Afrik : Quel est le préjudice financier des subventions occidentales sur le coton burkinabé ?

Célestin Tiendrébéogo : La Société cotonnière du Burkina a un manque à gagner de plus de 50 milliards de F CFA à cause des subventions américaines et européennes. L’étude de la Banque mondiale montre que nous perdons près de 250 F CFA par kilo vendu. Si nous avions pu disposer de cette manne financière, nous aurions pu augmenter l’actuel prix d’achat du coton à nos producteurs de 65 F CFA par kilo.

Afrik : La Sofitex va être démantelée à partir de la semaine prochaine. Ne craignez-vous pas pour la pérennité de la filière ?

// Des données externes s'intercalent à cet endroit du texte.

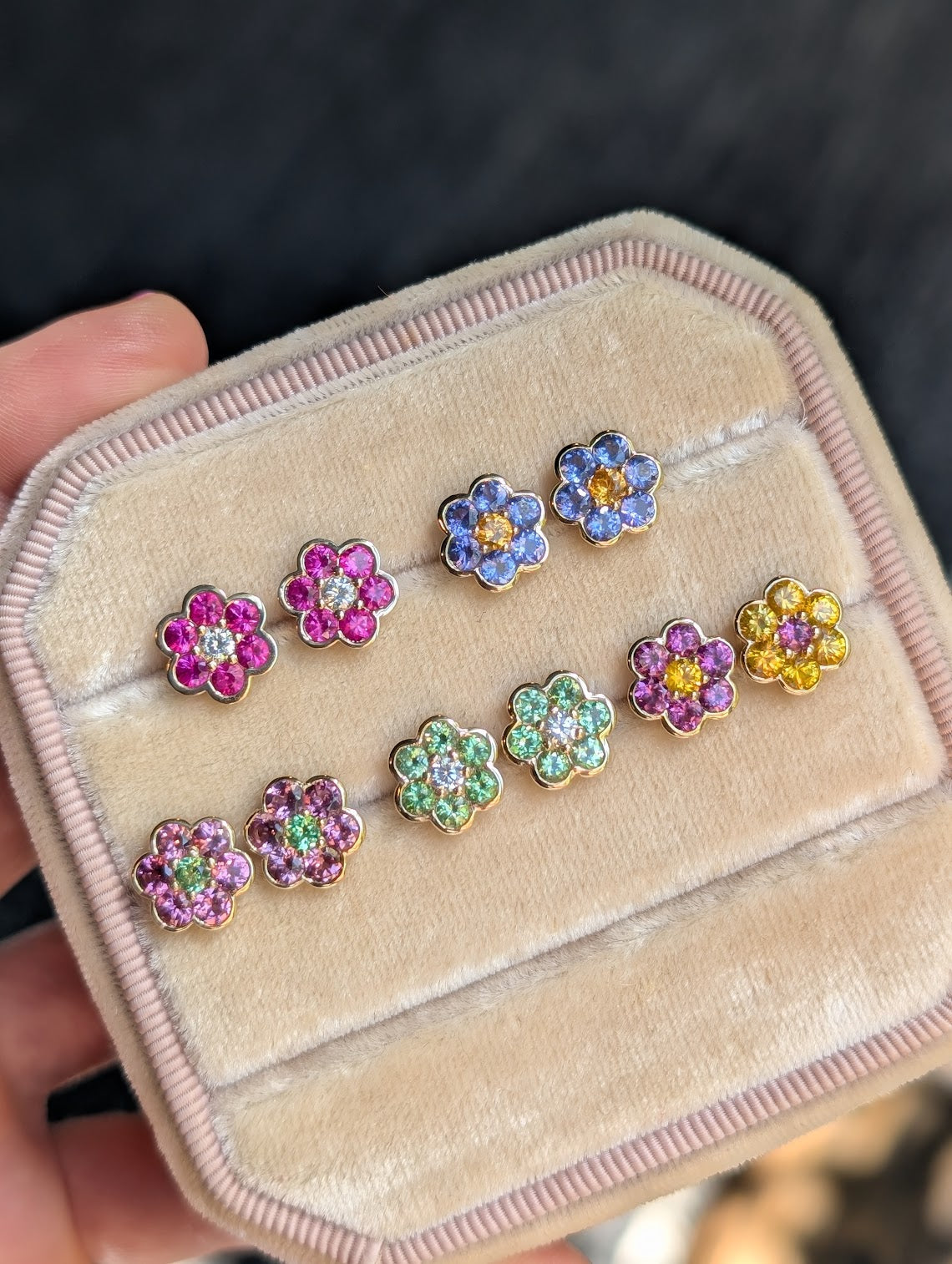 Blooms Stud Earrings in a velvet jewelry box - pink ruby and diamond, tanzanite and spessartite garnet, rhodolite garnet and Merelani mint garnet, yellow sapphire and grape garnet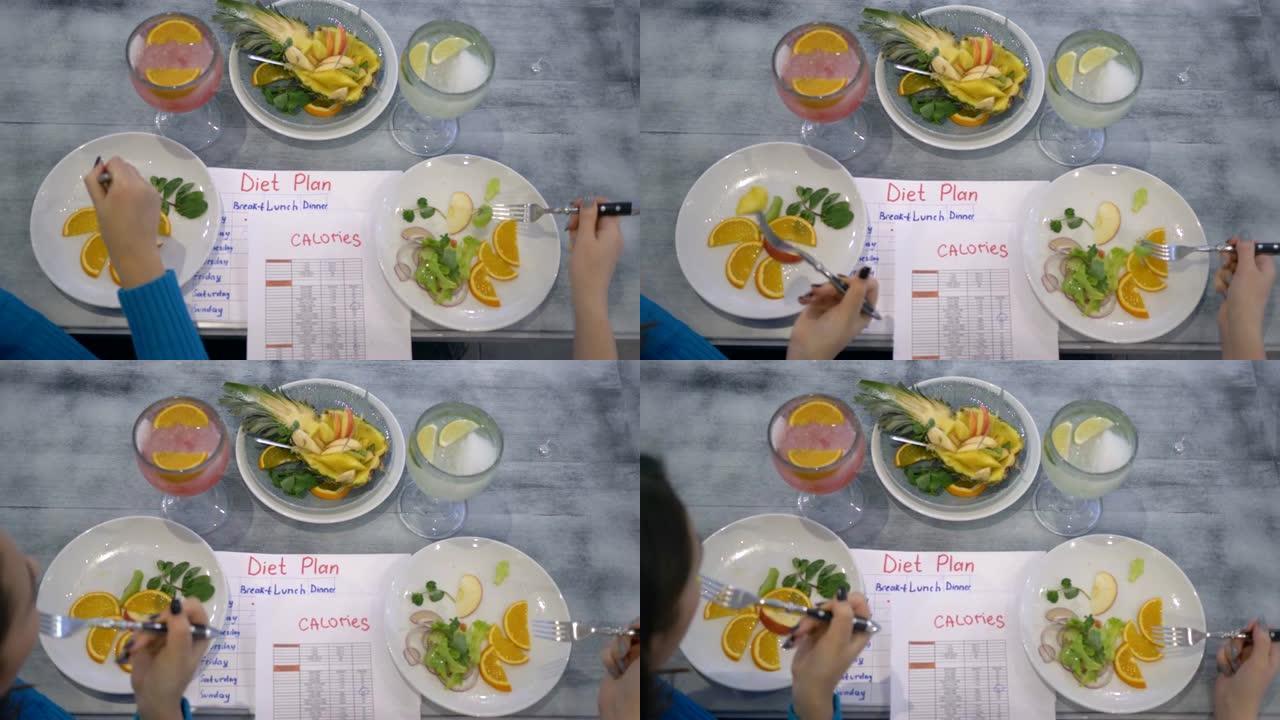 健康的纯素食食品，女孩从坐在桌子上的盘子里吃水果，卡路里表和饮食计划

Célestin Tiendrébéogo : Nous avons opté pour la filière intégrée. Ceux qui vont venir vont pratiquer les même fonctions que la Sofitex : distribuer des intrants, acheter le coton, assurer la recherche scientifique et l’encadrement. Il y aura un comité qui fixera le prix du coton graine et des intrants. Nous allons choisir des partenaires sérieux qui ont déjà fait leurs preuves ailleurs de manière à ce que notre filière puisse être pérennisée.